Front retaining collar 26 provides an inner bearing race around the outside of the structural retainer, enabling the rotation of the chamber about the longitudinal axis. The front outer bearing race 23 is supported by center shaft and inner race 21 of left and right horizontal ball bearing set 22 riding inside outer horizontal bearing race 24 attached to vertical strut 27, enabling the input end 8 of the chamber to pivot around its horizontal diameter such that the output end of the chamber 34 can rise and fall in elevation.

The output end of the chamber 34 is supported by a right 36 and left (not shown) bearing set mounted on offset shafts right 39 and left (not shown). The offset shafts are parallel to the input end horizontal diameter that runs through the input end bearings right 22 and left (not shown) and perpendicular to the long axis of the chamber. The output shafts are free to rotate in ball bearing mount right 37 and left (not shown). Ball bearing mount right 37 and left (not shown) are fixed to the structural ceramic collar 30 supporting and containing the infrared transmissive walls of the chamber.

The output end horizontal bearing set mounted on support shafts right 38 and left (not shown) are offset from the outer chamber walls on rotating offset shafts right 39 and left (not shown).

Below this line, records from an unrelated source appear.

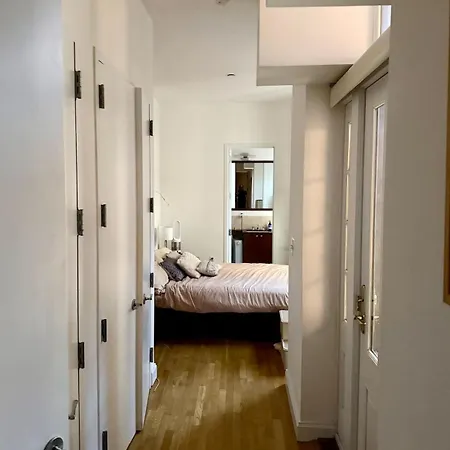 Noho Luxury Building 1br With Living With Pool And First Floor *
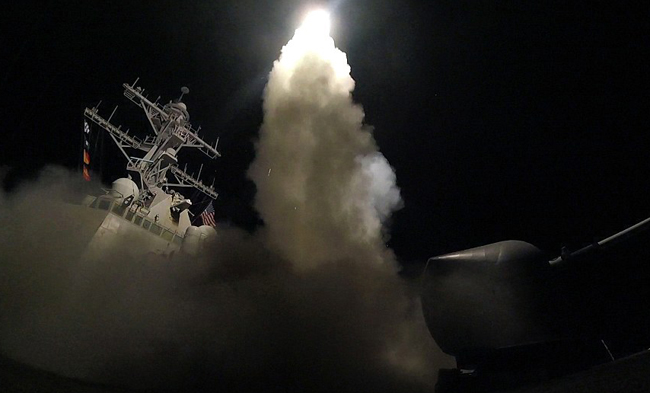 Video tên lửa Tomahawk lao vùn vụt nhắm đến lãnh thổ Syria ảnh 2
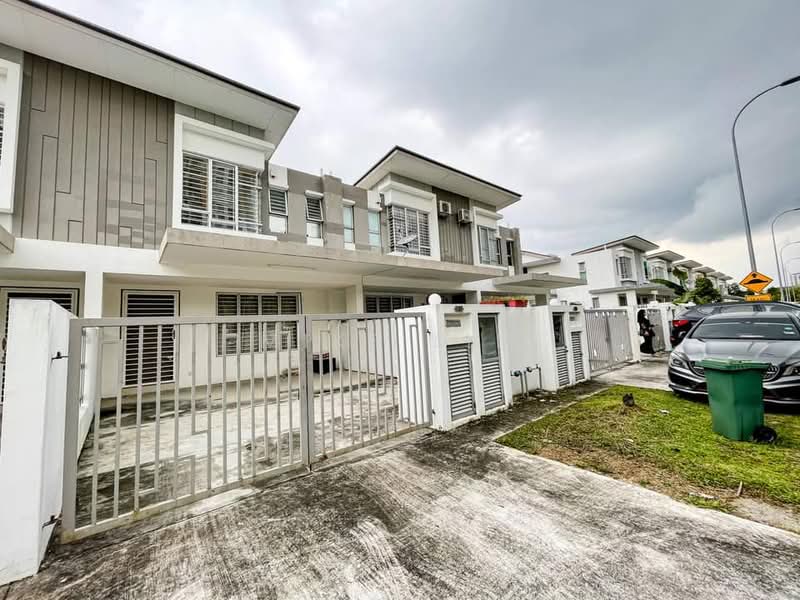 Rumah Teres 2 Tingkat untuk Dijual di Setia Ecohill (Semenyih) - Mike Lim - Exterior - PropertyGuru.com.my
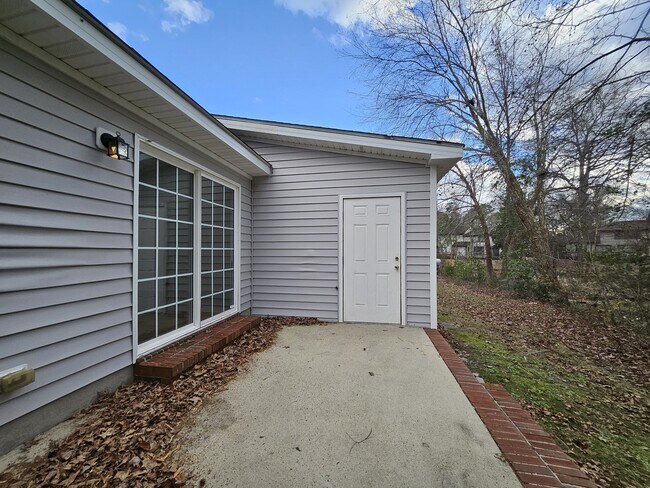 Building Photo - 1307 S Taylor St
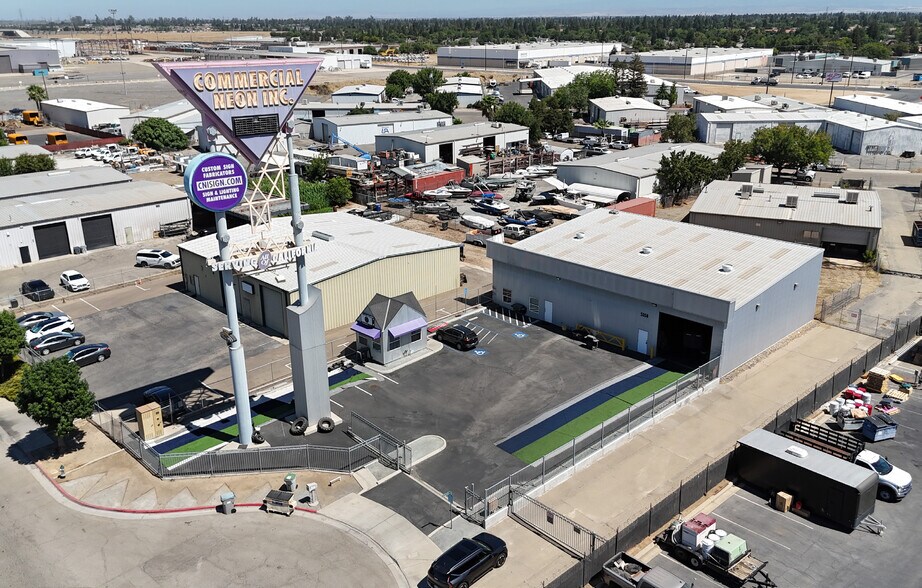 More Photos Of 5358 N Barcus Ave, Fresno Warehouse For Lease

The bearing sets right 36 and left (not shown) of the output end 34 of the chamber are components of struts 9 that have similar bearings right 33 and left 35 with similar geometric relationships mounted in the lower ends of the struts. Bearings right 33 and left 35 are set on pins that are parallel to the bearing support shafts right 38 and left (not shown) supporting the upper bearings right 36 and left (not shown) of the strut 9.

The lower right 33 and left 35 bearings of the strut 9 are mounted on support shafts that are each mounted on a crank 6 attached to the shaft 31 of a stepper motor right 5R and left 5L such that the shafts 31 of the stepper motor right 5R and left 5L are parallel to the shafts of the strut 9 bearings. The two stepper motors right 5R and left 5L can be individually controlled to rotate their respective cranks 6 independently clockwise or counter-clockwise, individually or in unison to move incrementally. Depending on the relative starting positions of the cranks, the struts will raise or lower in unison or in opposition. Movement of the struts in unison will raise or lower the chamber. Movement of the struts in opposition will rotate the chamber approximately 45 degrees in either clockwise or counter-clockwise direction about the longitudinal axis. FIG. 4 shows various starting positions and rotational directions and their effects on the movement of the shafts.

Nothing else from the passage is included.